**Required action**
Each record below should be repeated precisely as written.

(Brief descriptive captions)
Segment Open

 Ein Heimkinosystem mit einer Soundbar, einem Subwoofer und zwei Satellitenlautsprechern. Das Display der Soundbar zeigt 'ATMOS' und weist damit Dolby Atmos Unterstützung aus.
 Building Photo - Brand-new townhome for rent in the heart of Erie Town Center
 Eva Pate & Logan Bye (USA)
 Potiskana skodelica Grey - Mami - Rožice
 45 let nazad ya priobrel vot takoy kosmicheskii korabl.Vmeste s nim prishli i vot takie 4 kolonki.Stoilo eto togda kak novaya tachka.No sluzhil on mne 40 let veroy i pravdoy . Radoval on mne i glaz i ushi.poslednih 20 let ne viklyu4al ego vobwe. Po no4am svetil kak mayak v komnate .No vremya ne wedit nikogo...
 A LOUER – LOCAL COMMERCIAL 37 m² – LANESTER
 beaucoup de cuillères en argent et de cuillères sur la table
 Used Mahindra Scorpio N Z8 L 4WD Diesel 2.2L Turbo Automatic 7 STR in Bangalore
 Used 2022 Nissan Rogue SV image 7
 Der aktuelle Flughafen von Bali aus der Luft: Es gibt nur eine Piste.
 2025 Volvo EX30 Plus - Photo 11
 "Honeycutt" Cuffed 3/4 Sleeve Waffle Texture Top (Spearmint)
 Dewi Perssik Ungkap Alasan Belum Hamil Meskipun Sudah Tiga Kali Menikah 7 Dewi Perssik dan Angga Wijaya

Segment Closed

**Solved exercise**
 Ein Heimkinosystem mit einer Soundbar, einem Subwoofer und zwei Satellitenlautsprechern. Das Display der Soundbar zeigt 'ATMOS' und weist damit Dolby Atmos Unterstützung aus.
 Building Photo - Brand-new townhome for rent in the heart of Erie Town Center
 Eva Pate & Logan Bye (USA)
 Potiskana skodelica Grey - Mami - Rožice
 45 let nazad ya priobrel vot takoy kosmicheskii korabl.Vmeste s nim prishli i vot takie 4 kolonki.Stoilo eto togda kak novaya tachka.No sluzhil on mne 40 let veroy i pravdoy . Radoval on mne i glaz i ushi.poslednih 20 let ne viklyu4al ego vobwe. Po no4am svetil kak mayak v komnate .No vremya ne wedit nikogo...
 A LOUER – LOCAL COMMERCIAL 37 m² – LANESTER
 beaucoup de cuillères en argent et de cuillères sur la table
 Used Mahindra Scorpio N Z8 L 4WD Diesel 2.2L Turbo Automatic 7 STR in Bangalore
 Used 2022 Nissan Rogue SV image 7
 Der aktuelle Flughafen von Bali aus der Luft: Es gibt nur eine Piste.
 2025 Volvo EX30 Plus - Photo 11
 "Honeycutt" Cuffed 3/4 Sleeve Waffle Texture Top (Spearmint)
 Dewi Perssik Ungkap Alasan Belum Hamil Meskipun Sudah Tiga Kali Menikah 7 Dewi Perssik dan Angga Wijaya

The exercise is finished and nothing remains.